Il ritorno non è mai stato così dolce: Novak Djokovic fa apparire tutto piuttosto semplice, con il povero Rinky Hijikata che quantomeno può dire di averci provato. Doppio 6-3 e primo turno andato nel torneo ATP 250 di Brisbane, quello che segna il ritorno alle competizioni del serbo, che era assente dalle scene da quasi tre mesi, cioè dalla finale persa a Shanghai contro Jannik Sinner lo scorso 13 ottobre.
- Nole non concede nulla: un ritorno convincente
- Arnaldi, che debutto! Popyrin schiantato in due set
- Passaro lotta, ma Martinez è più freddo quando conta
Nole non concede nulla: un ritorno convincente
Il serbo ha fatto valere la sua proverbiale voracità sul cemento outdoor, mandando a segno 12 ace e in generale non offrendo mai il fianco a un avversario che ha faticato a trovare ritmo. Nessuna palla break concessa, 5 conquistate di cui tre trasformate in altrettanti game strappati al rivale: Djokovic s’è ripresentato bello tirato a lucido, come già s’era intuito nel corso della sfida di doppio giocata in coppia con Kyrgios, e ha ribadito di essere sceso in Down Under per puntare al bersaglio grosso.
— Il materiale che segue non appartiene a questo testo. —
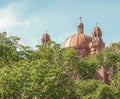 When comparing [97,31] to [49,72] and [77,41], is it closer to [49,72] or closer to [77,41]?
[77,41]

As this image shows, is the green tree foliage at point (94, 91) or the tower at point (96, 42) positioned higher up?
the tower at point (96, 42)

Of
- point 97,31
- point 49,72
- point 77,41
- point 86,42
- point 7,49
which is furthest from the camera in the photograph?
point 97,31

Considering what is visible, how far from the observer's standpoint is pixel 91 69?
27.3m

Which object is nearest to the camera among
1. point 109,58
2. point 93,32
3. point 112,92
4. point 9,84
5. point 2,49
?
point 9,84

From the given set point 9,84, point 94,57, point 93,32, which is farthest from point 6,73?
point 93,32

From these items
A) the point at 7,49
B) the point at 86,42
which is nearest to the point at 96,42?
the point at 86,42

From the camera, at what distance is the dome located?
2153 inches

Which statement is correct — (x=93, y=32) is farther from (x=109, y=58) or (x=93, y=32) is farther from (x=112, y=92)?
(x=112, y=92)

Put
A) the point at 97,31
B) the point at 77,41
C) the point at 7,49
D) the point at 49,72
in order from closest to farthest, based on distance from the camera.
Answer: the point at 49,72 → the point at 7,49 → the point at 77,41 → the point at 97,31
Praticamente ingiocabile con la prima (81% di punti vinti quando è entrata), ha dominato anche con la seconda (75%), tenuto conto che Hijikata non è andato oltre il 50%. Insomma, un debutto soft ma al tempo stesso convincente, con gli ottavi sullo sfondo nella sfida tra “veterani” con Gael Monfils, battuto da Nole in tutti i 19 precedenti disputati.
Arnaldi, che debutto! Popyrin schiantato in due set
L’Italia che domina in United Cup trova una sponda anche a Brisbane, dove Matteo Arnaldi s’imposto su Alexei Popyrin nel debutto stagionale. Vittoria pesante del sanremese, che in poco più di un’ora ha liquidato la settima testa di serie del torneo col punteggio di 6-3 6-2. Se serviva un segnale, Arnaldi l’ha mandato forte e chiaro: condizione fisica già eccellente, sicurezza nei colpi (specie da fondo campo) e percentuali al servizio che sono andate aumentando nel corso del match, sebbene la prima sia entrata in campo soltanto nel 44% (però ha vinto il 71% di punti con la prima e il 70% con la seconda).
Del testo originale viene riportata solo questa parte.